Yesterday was the twice-yearly “mixtoernooi” (above picture from a previous one), where the teams (if you’re thinking “teams? What teams?” – Go click those links) consist of players with varying levels of experience. These are always lots of fun, since its a good way for the less experienced players to learn to be “on stage” with a bit of a “safety net” provided by the players with a little more experience.
It was a good show. Quite a bit of audience, good atmosphere, and lots of energy.
We had two matches of about 45 minutes each, and I was in one of them, meaning I played a part in three improvised scenes of about 4 minutes each. Our team played a spacejump, a free impro, and a time for a song. It went well and afterwards I was real proud of each of my teammates for putting on a great show. Of course, we lost from the other team by a large margin, which is how it should be.
Improvisation theatre builds character
Theatresports teaches its practicioners how to listen, how to be a team player, how to feel confident about themselves, and much more.
Theatresports is an excellent way to learn how to feel confident on stage (once you dare step up there with a hundred people watching you and no clue yet what it is you’re going to do in about 3 seconds, you dare do allmost anything), which is also a great way to learn how to feel confident when presenting or speaking in front of an audience.
Theatresports excels even more at learning how to be a team player. In order to function well as an improvisation theatre team, there needs to be a whole lot of trust between each of the players, and a high comfort level. And beyond that, nearly everything about the “art form” is there to encourage or even require healthy collaborative behaviour. Golden rules like “you should accept whatever it is that someone invents right there on the spot” (you don’t really want to get into a discussion about it in the middle of your scene) go way, way beyond the “lazy consensus” that open source people may be used to.

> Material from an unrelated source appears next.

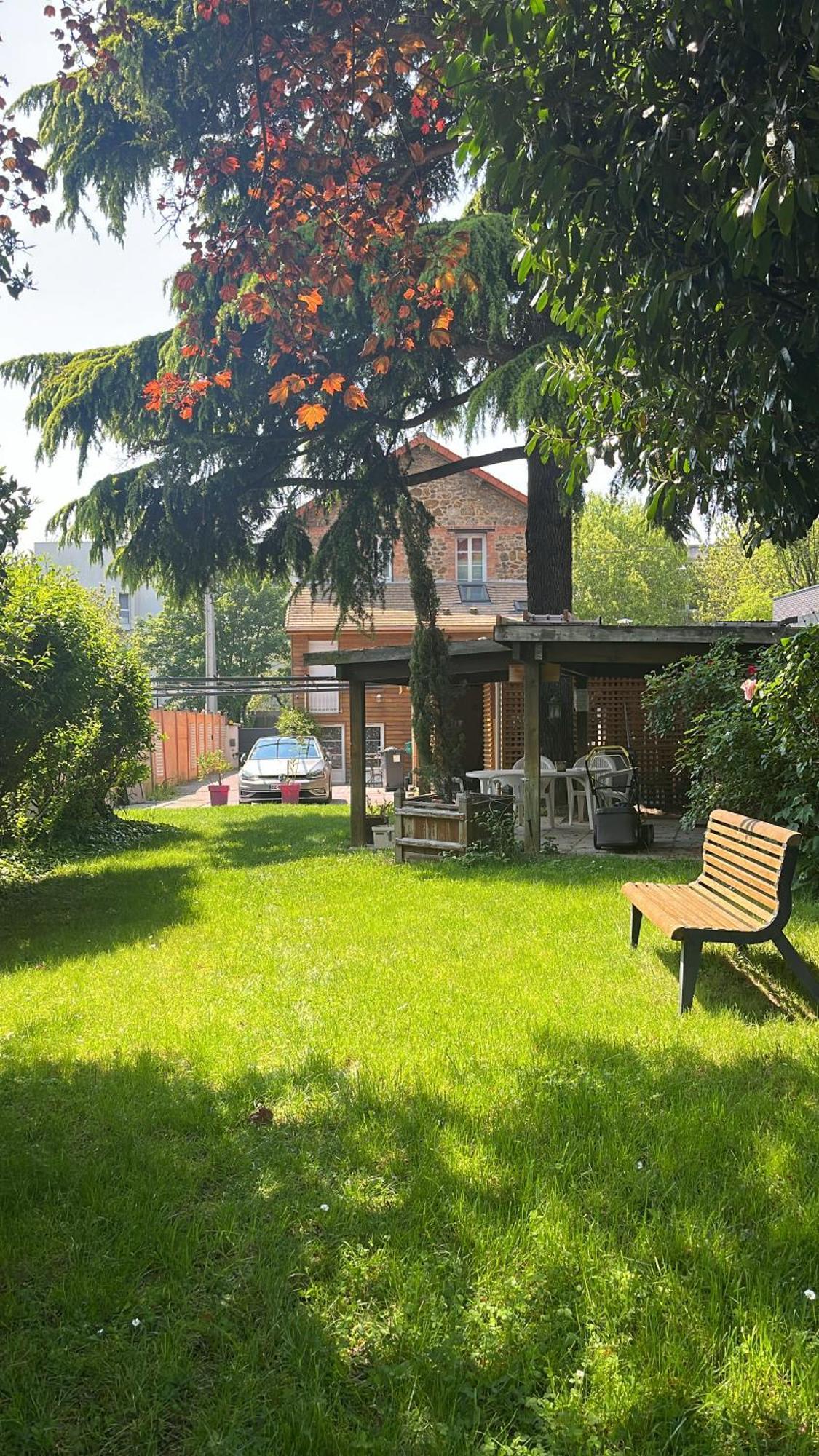 Villa Liberte Verdun Igr Paul Brousse 빌쥐이프 외부 사진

Theatresports makes you a better listener. In order to be able to interact with other people on stage (and with the audience) in a witty and dynamic fashion, without any kind of script, you need to pay attention, and lots of attention, to what is going on around you, otherwise you’ll misread your teammates intentions and the whole scene can go down the drain.
Etc etc etc.
Of course, for me, these are really insignificant pluses compared to the joy of doing various silly things with friends. We have a few hours of lessons and practice tonight, and after that we’ll frequently hang out in the bar until dawn.